FastQC unprocessed: Raw

Click on the galaxy-eye (eye) icon and inspect the generated HTML file

FastQC provides information on various parameters, such as the range of quality values across all bases at each position. MultiQC allows summarizing the output of different outputs from FastQC.

FastQC plots length. — **Figure 3**: Sequence length distribution

In the first place, we are going to analyse the sequence length distribution of the different datasets.

Question

Can you explain the sequence length distribution plot?

The main peak, around 1700 bp, corresponds approximately to the length of the gene coding for 16S rRNA. There is also a secondary peak around 200 bp, which may be due to truncated amplifications, or as a result of non-specific hybridization of primers used for PCR.

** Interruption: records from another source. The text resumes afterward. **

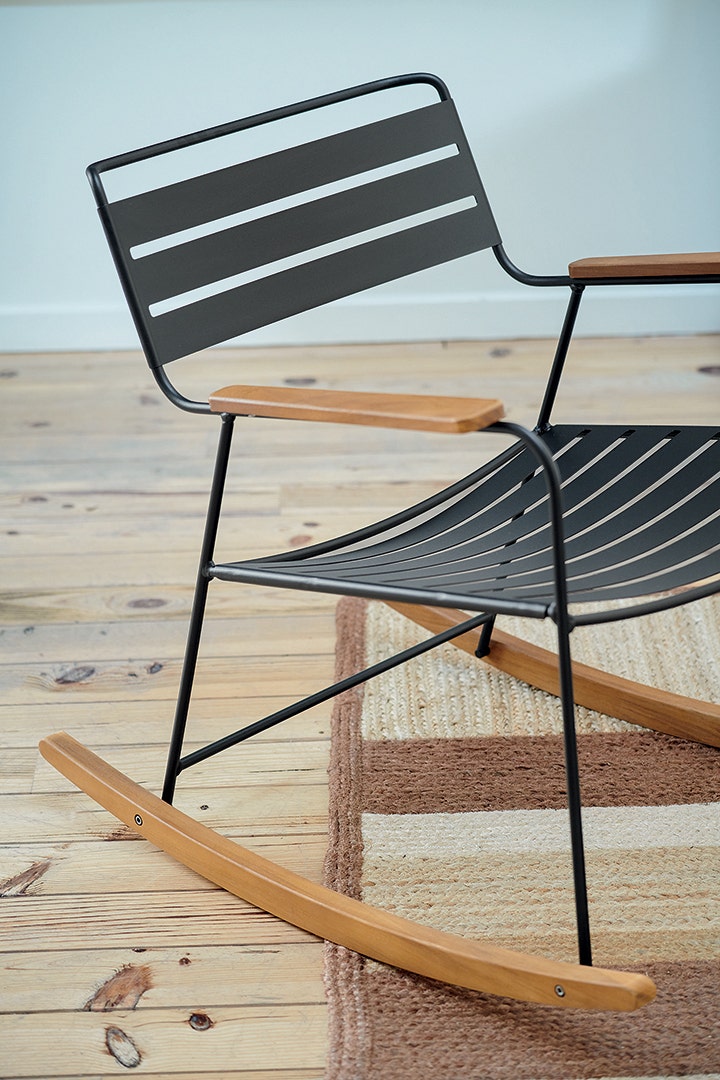 Surprising rocking chair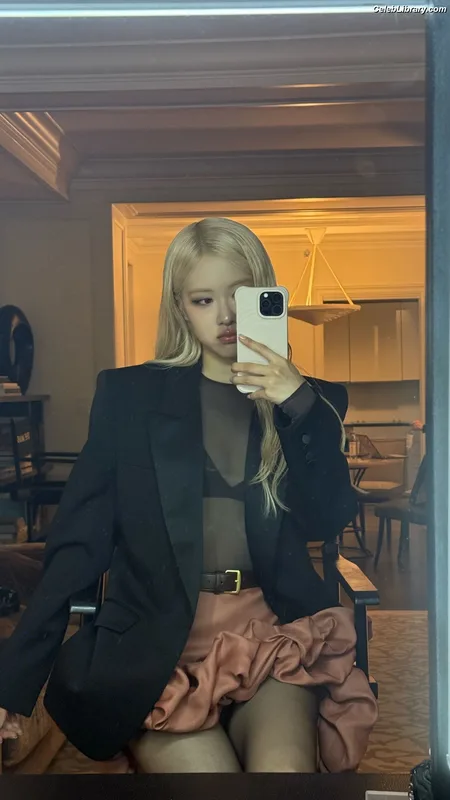 Rosé (BLACKPINK) photo 22 of 4338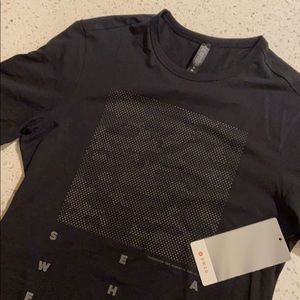 Lululemon 5 year basic t seawheeze 2020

FastQC plots quality. — **Figure 4**: Per base sequence quality

If we examine figure 3, we can see that up to 3000 bp the quality of our sequencing data is around a Phred score of 12, which is a relatively low value compared to other sequencing technologies. This is explained because Nanopore reads poses high error rates in the basecalled reads (10% as compared to 1% for Illumina). However, Nanopore sequencing generates very long reads (in theory only limited by the mechanisms of extraction of the genetic material), enabling the sequencing of the complete 16S rRNA gene, which makes it possible to identify bacterial taxa at higher resolution.

FasTQC plots CG. — **Figure 5**: Per sequence GC content

Let’s have a look at figure 4, which shows the content of the GC by sequence.

Question

What can cause GC content to show a bimodal peak?

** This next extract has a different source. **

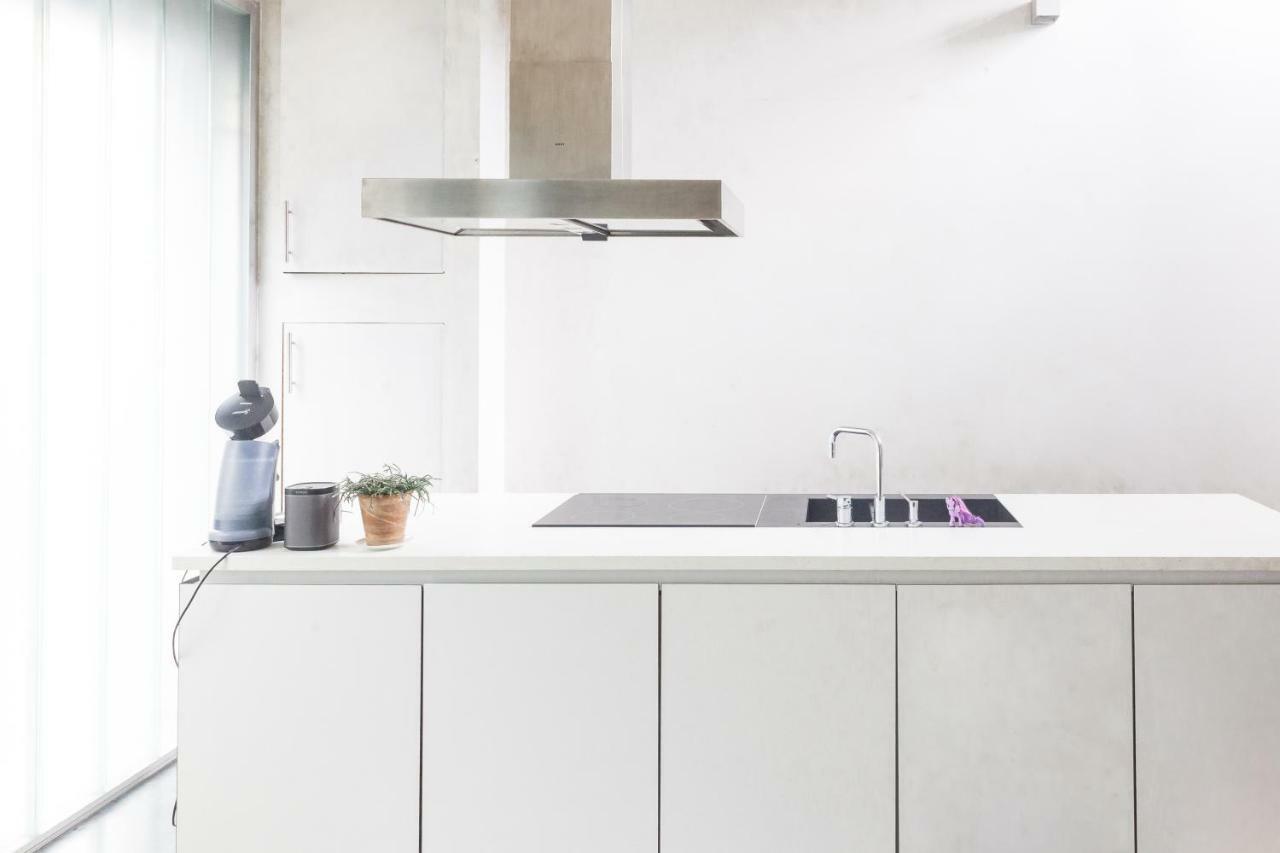 Architectural House Near Center - 20min Walk Vakantiehuis *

There are several possible causes for the presence of twin peaks in the GC content. One possible explanation is the presence of adapters in the sequence. Another possible cause is some kind of contamination, such as chimeras.

Comment

For more information on the topic, please see the quality control tutorial.

Improve the dataset quality

In order to improve the quality of our data, we will use two tools presented above, porechop and fastp.

Adapter and chimera removal with porechop

Nanopore sequencing technology requires to ligate adapters to both ends of genomic material to facilitate the strand capture and loading of a processive enzyme at the 5’end, boosting the effectiveness of the sequencing process. Adapter sequences should be removed because they can interfere with aligment of reads to 16S rRNA gene reference database, for which we will use the porechop tool (Wick 2017).

Comment

If you are interested in Nanopore sequecing technology, you can find more information in Jain et al. 2016.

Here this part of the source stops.